Legal Cost Specialists

Costs lawyer or costs draftsman urgently wanted

By on Sep 5, 2011 | 7 comments

The Civil Justice Council has announced the membership of an expert working party that will consider implementation of the Jackson reforms of civil litigation costs.

The working party will be considering proposals for qualified one-way costs shifting, Part 36 and the new proportionality test.

The members of the working party are:

• Chair: Alistair Kinley, head of policy development at the London office of national firm Berrymans Lace Mawer;
• Janet Tilley, managing partner at national firm Coleman CTTS;
• Mark Harvey, partner and head of the claimant division at Wales firm Hugh James;
• David Bott, managing partner at Cheshire firm Bott & Co and president of the Association of Personal Injury Lawyers;
• Don Clarke, partner and director of strategy at Bolton and Coventry firm Keoghs and vice president of the Forum of Insurance Lawyers;
• Judith Gledhill, head of personal injury at national firm Thompsons;
• Hardeep Nahal, litigation partner in the London office of US firm McGuireWoods;
• Graham Huntley, partner in the London office of Hogan Lovells;
• Nick Bacon QC, costs specialist at London chambers 4 New Square;
• Rocco Pirozzolo, solicitor and underwriting manager at insurance group QBE Europe;
• Howard Grand, senior solicitor at Aviva Legal Services;
• David Fisher, catastrophic & injury claims technical manager at AXA Insurance;
• Mandy Knowlton-Rayner, principal risk officer at Norfolk County Council;
• Hilary Homfray, solicitor at Birmingham City Council;
• Kay Majid, solicitor and senior counsel at Tesco;
• Kathryn Mortimer, solicitor and head of legal services at DAS Legal Expenses Insurance Company;
• John Usher, solicitor and legal advisor to the Union of Shop, Distributive and Allied Workers; and
• Colin Stutt, formerly of the Legal Services Commission.

Not a single costs lawyer, costs draftsman or costs judge amongst them.

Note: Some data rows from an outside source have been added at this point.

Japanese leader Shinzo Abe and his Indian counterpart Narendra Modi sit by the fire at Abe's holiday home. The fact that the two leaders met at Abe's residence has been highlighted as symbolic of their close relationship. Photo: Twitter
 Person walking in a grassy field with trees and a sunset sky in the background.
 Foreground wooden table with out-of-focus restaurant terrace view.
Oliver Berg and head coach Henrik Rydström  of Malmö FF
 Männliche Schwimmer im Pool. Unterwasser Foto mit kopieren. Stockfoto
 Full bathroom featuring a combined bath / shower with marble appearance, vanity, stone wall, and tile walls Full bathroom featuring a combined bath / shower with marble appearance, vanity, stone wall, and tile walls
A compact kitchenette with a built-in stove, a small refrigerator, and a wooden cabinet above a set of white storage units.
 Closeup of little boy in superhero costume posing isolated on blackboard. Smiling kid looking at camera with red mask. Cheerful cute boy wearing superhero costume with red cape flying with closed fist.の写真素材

Other than Nick Bacon QC, one has to wonder what experience of detailed assessment proceedings any of them actually has.

And everyone will act all surprised when a totally unworkable definition of “proportionality” emerges.

You couldn’t make it up.


  1. Couldn’t agree more


    5th September 2011

  2. Its good to see that mostly claimant biased ”experts” will be in attendance. Hopefully, we can get rid of the test of necessity altogether!

    Truly Eminent Costs Professional

    5th September 2011

  3. I think they should set up a working party to discuss the membership of the costs working party.

    Cockney Rebel

    5th September 2011

  4. @Truly Eminent Costs Professional

    Claimant biased? How have you calculated that one?

    It’s a pretty even split as I see it.

    Pete B

    5th September 2011

  5. Don’t complain Simon. It will be like the simplification the CPR was to bring. The comlicated White Book RSC went from 3,500 pages to 5,000 plus for the simle CPR the last time I looked a couple of years ago. Let the experts muck it up. We litigate to our heart’s content until the next Jackson decides this Jackson got wrong and the experts meet yet again etc etc
    Whatever you do never consult those who actually work in the system because it might just work then !! Until then we fight each other as before let the coffers swell!!

    Kevyn Thompson Longmynd Legal Services

    5th September 2011

  6. Name withheld (I don’t want the ALCD hit team after me) but how vocal have the ALCD (or whatever they call themselves this week) been ? Nice to see that I am getting value for money from my ransom, sorry, practicing certificate.


    5th September 2011

  7. To ■anonymous on September 5th, 2011 4:25 pm

    I dont believe you are a member of the ACL.